Vous choisissez de rembourser la dette plutôt que de satisfaire les besoins sociaux, de vous priver de tout financement alternatif, qu'il soit de nature monétaire ou qu'il résulte d'une fiscalité dédiée, et de faire payer les Français proportionnellement à leurs revenus, sans prendre en compte leurs facultés contributives, puisque, contrairement à notre proposition, vous avez décidé de ne demander aucun effort supplémentaire aux plus riches, comme les circonstances le commandaient.
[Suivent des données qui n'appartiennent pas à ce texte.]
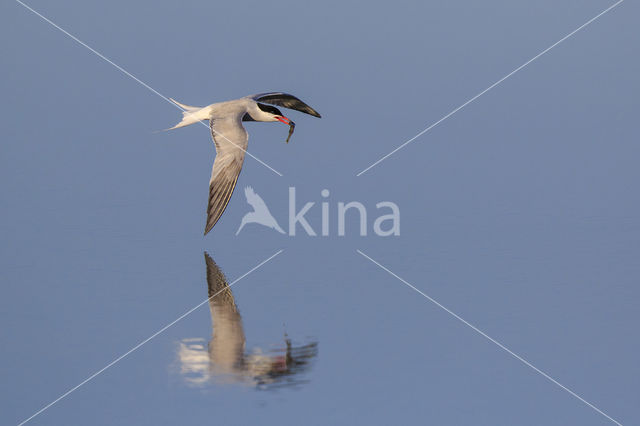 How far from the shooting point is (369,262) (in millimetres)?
11289

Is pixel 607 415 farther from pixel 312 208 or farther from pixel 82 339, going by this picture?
pixel 312 208

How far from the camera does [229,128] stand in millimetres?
11656

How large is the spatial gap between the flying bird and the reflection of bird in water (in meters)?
1.98

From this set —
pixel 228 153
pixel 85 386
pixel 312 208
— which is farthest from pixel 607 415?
pixel 312 208

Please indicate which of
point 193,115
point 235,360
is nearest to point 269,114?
point 193,115

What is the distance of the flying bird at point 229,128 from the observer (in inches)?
435

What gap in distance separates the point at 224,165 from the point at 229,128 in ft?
2.21

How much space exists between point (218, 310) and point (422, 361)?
218 centimetres

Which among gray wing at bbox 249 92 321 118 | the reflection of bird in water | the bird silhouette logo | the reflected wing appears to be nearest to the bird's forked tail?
gray wing at bbox 249 92 321 118

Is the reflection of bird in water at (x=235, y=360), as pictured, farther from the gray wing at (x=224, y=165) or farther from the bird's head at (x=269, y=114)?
the bird's head at (x=269, y=114)

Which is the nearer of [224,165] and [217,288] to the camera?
[217,288]

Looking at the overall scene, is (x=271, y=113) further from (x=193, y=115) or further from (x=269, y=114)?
(x=193, y=115)

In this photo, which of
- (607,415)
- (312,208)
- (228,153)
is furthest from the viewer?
(312,208)

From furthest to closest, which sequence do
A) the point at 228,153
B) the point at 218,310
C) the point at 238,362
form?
1. the point at 228,153
2. the point at 218,310
3. the point at 238,362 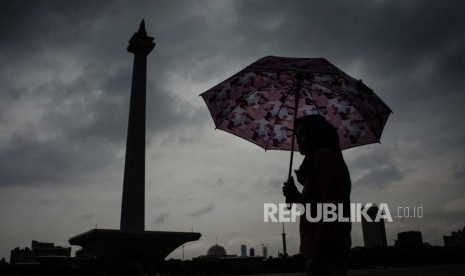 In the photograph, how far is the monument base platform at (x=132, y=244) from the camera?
11453 mm

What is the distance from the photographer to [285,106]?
18.5 feet

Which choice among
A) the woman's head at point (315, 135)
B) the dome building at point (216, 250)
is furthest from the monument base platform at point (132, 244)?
the dome building at point (216, 250)

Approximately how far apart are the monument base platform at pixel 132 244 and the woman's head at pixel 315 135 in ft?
30.1

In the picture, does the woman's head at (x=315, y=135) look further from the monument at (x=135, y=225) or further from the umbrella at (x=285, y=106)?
the monument at (x=135, y=225)

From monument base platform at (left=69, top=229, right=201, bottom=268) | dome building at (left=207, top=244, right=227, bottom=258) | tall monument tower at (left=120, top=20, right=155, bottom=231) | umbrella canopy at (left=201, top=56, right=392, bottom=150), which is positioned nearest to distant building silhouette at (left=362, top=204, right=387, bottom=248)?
dome building at (left=207, top=244, right=227, bottom=258)

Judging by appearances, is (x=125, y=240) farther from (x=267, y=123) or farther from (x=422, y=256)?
(x=422, y=256)

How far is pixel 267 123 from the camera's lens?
5691 millimetres

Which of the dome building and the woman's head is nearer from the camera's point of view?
the woman's head

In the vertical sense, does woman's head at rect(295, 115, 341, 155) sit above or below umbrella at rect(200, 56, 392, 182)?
below

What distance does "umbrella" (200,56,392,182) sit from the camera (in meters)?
5.20

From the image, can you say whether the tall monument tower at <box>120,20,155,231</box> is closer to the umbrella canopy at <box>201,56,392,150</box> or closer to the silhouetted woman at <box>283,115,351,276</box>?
the umbrella canopy at <box>201,56,392,150</box>

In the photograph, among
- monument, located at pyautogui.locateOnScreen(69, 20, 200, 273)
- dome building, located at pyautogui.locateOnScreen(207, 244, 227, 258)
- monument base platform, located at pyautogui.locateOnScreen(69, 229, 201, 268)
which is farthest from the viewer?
dome building, located at pyautogui.locateOnScreen(207, 244, 227, 258)

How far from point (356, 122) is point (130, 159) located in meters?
18.7

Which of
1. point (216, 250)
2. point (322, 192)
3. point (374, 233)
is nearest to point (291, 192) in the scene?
point (322, 192)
Comme nombre de caisses que nous avons consultées, de partenaires sociaux, de Françaises et de Français, d'économistes, nous pensons qu'en dépit de ce que vous affirmez, le choix que vous faites n'est pas le meilleur qui soit.

S'agissant de la création d'une cinquième branche, nous ne pouvons que nous réjouir que la perte d'autonomie soit enfin prise en compte, même si nous ne connaissons aujourd'hui ni ce que seront ses moyens ni la politique publique sur laquelle elle s'appuiera. Nous veillerons à ce que son ambition soit à la hauteur du choc anthropologique que nous avons vécu à l'occasion de cette crise. Pour l'heure, il ne s'agit que d'une annonce, comme vous aviez annoncé une grande loi sur la dépendance, pour décembre. L'idée qu'il n'est plus possible d'attendre pourra du moins nous rassembler.